Carl ToersBijns, a former deputy warden at the prison, said the assault highlights chronic understaffing and lax security policies that put staff members at risk.

“Here you’ve got a guy that commits a hell of a crime ... and he’s put into an environment that actually gives him an opportunity to do his criminality because of a lack of staffing,” said ToersBijns, who was deputy warden at the Eyman prison in Florence until retiring in 2010 and oversaw the Meadows Unit for 19 months.
State prison officials, however, dismiss the concerns. They say the assault at the prison about 60 miles southeast of Phoenix is a risk that comes with the job of overseeing violent prison inmates.

Harvey was in the first year of a 30-year sentence for raping a Glendale woman in November 2011. Just 17 at the time, he had knocked on the woman’s door in the middle of the day, asked for a drink of water, then forced his way inside, where he repeatedly raped and beat her while her 2-year-old child was in the apartment. He fled naked when the woman’s roommate arrived home.

He was arrested after DNA evidence connected him to the crime, and he pleaded guilty.

Harvey was initially classified as a “Class 4” security risk, one notch lower than the highest level. Six months later, despite violating prison rules at least once, he was reclassified at a lower level.

Department of Corrections spokesman Doug Nick said classrooms at prisons across the state are having cameras installed. But he said no administrative investigation was launched because there was no need, and no one was disciplined. He said all prisons are dangerous places and staff are trained accordingly.

“This is an assault that reflects the fact that inmates in our system often act out violently, and it is the inmate suspect who is responsible for this despicable act,” he said.

Nick also said that not having a guard in classrooms or nearby “follows accepted corrections practices nationwide.”

That’s not the case, said Carolyn Eggleston, a professor at California State University, San Bernardino, who started her career as a prison teacher in several states and now is director of the university’s Correctional and Alternative Education Program.

“I have to say, I don’t find that consistent with standards,” Eggleston said. “In a sex offender unit, especially, they should be counting the people leaving the classroom. They just should. And there should be somebody, not in the class ... but there should be somebody in proximity so they can help monitor that.”

The woman, who was not critically injured, has filed a worker’s compensation claim against the state and did not want to comment on case. The AP does not usually identify sexual assault victims.

Internal emails obtained by the AP show that prisons Director Charles Ryan ordered all non-corrections officer staff at prisons statewide to be issued pepper spray and trained in its use just days after the attack. And an internal memo sent the day after the assault ordered guards at a nearby prison to begin checking on civilian staff every hour.

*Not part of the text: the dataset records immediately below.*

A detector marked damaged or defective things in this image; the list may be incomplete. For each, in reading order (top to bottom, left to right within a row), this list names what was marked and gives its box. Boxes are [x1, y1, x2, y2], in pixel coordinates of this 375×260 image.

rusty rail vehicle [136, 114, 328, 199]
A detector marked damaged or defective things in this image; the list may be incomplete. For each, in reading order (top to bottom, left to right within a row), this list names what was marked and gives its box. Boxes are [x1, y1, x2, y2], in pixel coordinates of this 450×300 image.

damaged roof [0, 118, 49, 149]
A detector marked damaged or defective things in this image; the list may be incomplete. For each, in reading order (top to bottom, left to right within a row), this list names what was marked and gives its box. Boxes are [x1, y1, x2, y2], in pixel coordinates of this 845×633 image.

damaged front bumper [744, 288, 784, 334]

Nick said the pepper-spray order was in the works before the assault. And he said that, despite the internal memo from a major that ordered hourly checks, the actual practice is unpredictable and more frequent, with staggered checks three times an hour.

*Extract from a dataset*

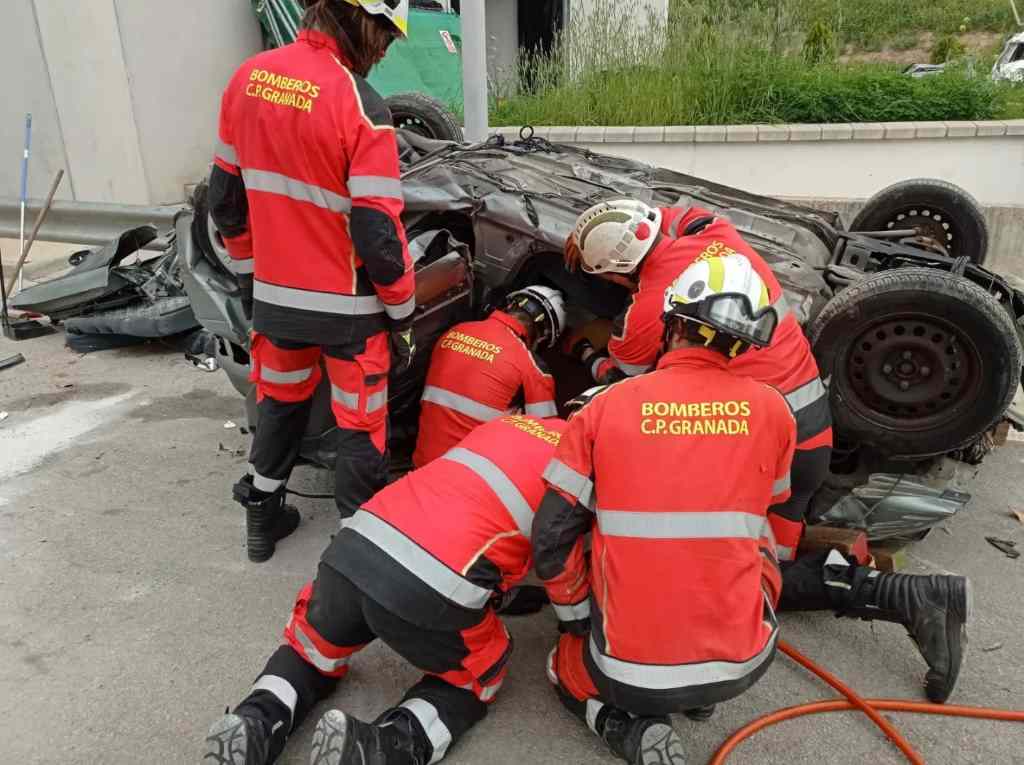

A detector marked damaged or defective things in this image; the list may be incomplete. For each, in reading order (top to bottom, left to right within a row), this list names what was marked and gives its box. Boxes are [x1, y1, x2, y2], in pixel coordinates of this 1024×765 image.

overturned vehicle [182, 128, 1024, 540]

ToersBijns, who is an advocate for prison safety and believes understaffing has put state prison staff at risk, said multiple errors likely led to the assault, including not having video cameras in the classroom, a lack of checks on civilian staff and use of an outdated classification system for inmates that led to a violent predator being misidentified as a relatively low-level threat.

After the attack, Harvey was calm when confronted in the classroom, refused to talk to investigators and asked for a lawyer. He was charged last month with sexual assault, kidnapping and assault with a deadly weapon. A public defender was appointed, and he pleaded not guilty at his arraignment. The public defender assigned to his case, Paula Cook, declined to comment.

Harvey was convicted in a prison administrative hearing of sexually assaulting the staff member. Three weeks after the rape, he assaulted another prison employee, although records don’t show any details. His security classification was raised two levels, to the highest, nearly three months after the teacher was assaulted.